OpenTelemetry and GKE

**Hi @ms4446 **

Yesterday you told me we could do this. So I wanted to know how to do this because I’m using GKE. It may be simpler than going through an ops agent.

2. Cloud Operations for GKE:

  • If you are using GKE, you can leverage Cloud Operations for GKE, which integrates OpenTelemetry natively.
  • It automatically collects traces from your applications deployed on GKE and sends them to Google Cloud Trace without needing to configure the OpenTelemetry Collector manually.

Thank you

Hi @Navirash ,

To use Cloud Operations for GKE for OpenTelemetry tracing on Google Kubernetes Engine (GKE), follow these steps:

  1. Default Observability Features: By default, GKE clusters (both Standard and Autopilot) are configured to send system logs, audit logs, and application logs to Cloud Logging, and system metrics to Cloud Monitoring. They also use Google Cloud Managed Service for Prometheus to collect configured third-party and user-defined metrics and send them to Cloud Monitoring.

  2. Customize and Enhance Data Collection: You have control over which logs and metrics are sent from your GKE cluster to Cloud Logging and Cloud Monitoring. You can also decide whether to enable Google Cloud Managed Service for Prometheus. For GKE Autopilot clusters, the integration with Cloud Monitoring and Cloud Logging cannot be disabled.

  3. Additional Observability Metrics: You can enable additional observability metrics packages for more detailed monitoring. This includes control plane metrics for monitoring the health of Kubernetes components and kube state metrics for monitoring Kubernetes objects like deployments, nodes, and pods.

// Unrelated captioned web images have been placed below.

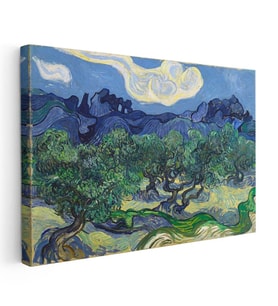 Yatay Kanvas Tablo Van Gogh Zeytin Ağaçları Mavi Dağlar Bulutlu Ressam Tablosu Ev Ofis Duvar Dekoru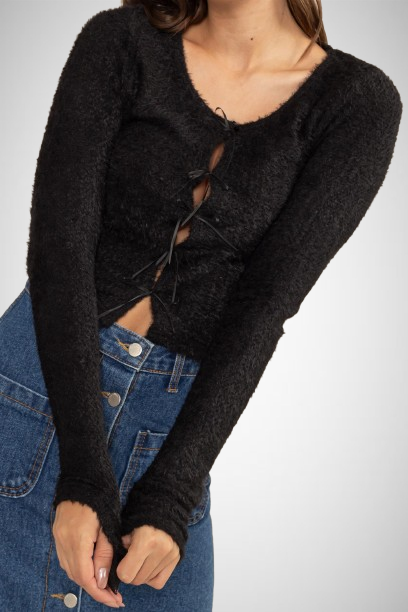 Fuzzy Top With Front Bow Tie (8163195191504)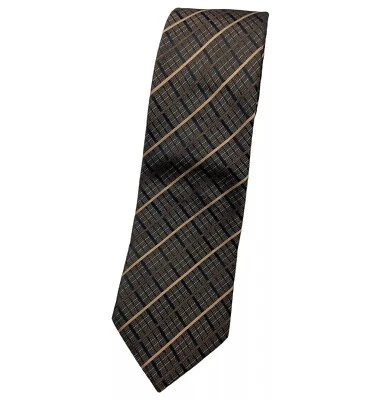 HUGO BOSS Silk Tie ITALY XL Brown Tartan W:3.6" EUC - Image 1 of 4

  4. Third-Party and User-Defined Metrics: To monitor third-party applications running on your clusters (like Postgres, MongoDB, Redis), use Prometheus exporters with Google Cloud Managed Service for Prometheus. You can also write custom exporters to monitor other signals of health and performance.

  5. Use Collected Data: Utilize the data collected for analyzing application health, debugging, troubleshooting, and testing. GKE provides built-in observability features like customizable dashboards, key cluster metrics, and the ability to create your own dashboards or import Grafana dashboards.

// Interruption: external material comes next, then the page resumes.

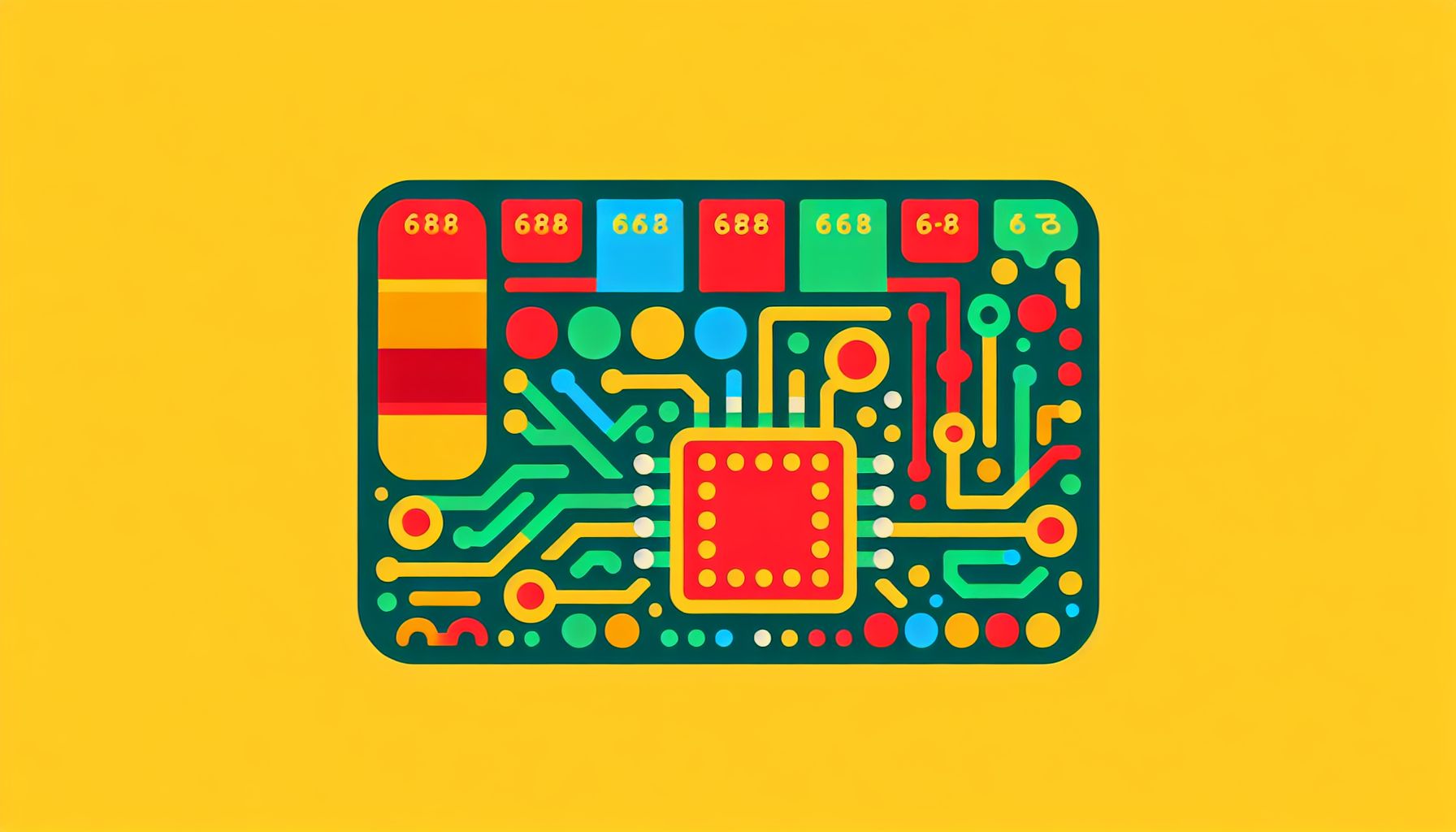 Circuitboard in flat illustration style and white background, red #f47574, green #88c7a8, yellow #fcc44b, and blue #645bc8 colors.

  6. Other Features: GKE integrates with other Google Cloud services for additional monitoring and management capabilities, such as security posture dashboards, insights and recommendations for cluster optimization, and network policy logging.

For detailed configuration instructions and more information, you can refer to the Google Cloud documentation on Observability for GKE.

ok thank you @ms4446 . Is it possible to do all this step with an config file like yaml ?

Yes, it is possible to configure many aspects of observability in GKE using YAML configuration files. YAML files are commonly used in Kubernetes and GKE for defining, configuring, and managing resources.

For more detailed and specific configurations, you can visit the All GKE code samples page.

Thank you but I don’t understand how to activate tracing open telemetry and export trace in google trace. I didn’t find an specific example.

Do you have a specific example please ?

To activate tracing with OpenTelemetry and export traces to Google Cloud Trace in a GKE environment, you can use the following configuration:

Enable OpenTelemetry in Strimzi:

  1. Add the following configuration to your Strimzi deployment:

    tracing:
      type: opentelemetry
    
    
  2. Configure the OpenTelemetry Collector: a. Deploy an OpenTelemetry Collector in your GKE cluster. b. Apply the following configuration:

    receivers:
      otlp:
        protocols:
          grpc:
            endpoint: "0.0.0.0:55680"
    exporters:
      googlecloud:
        project: "YOUR_PROJECT_ID"
        service: pipelines
        traces:
          receivers: [otlp]
          exporters: [googlecloud]
    
    

    This configuration sets up the Collector to receive OTLP trace data and export it to Google Cloud Trace.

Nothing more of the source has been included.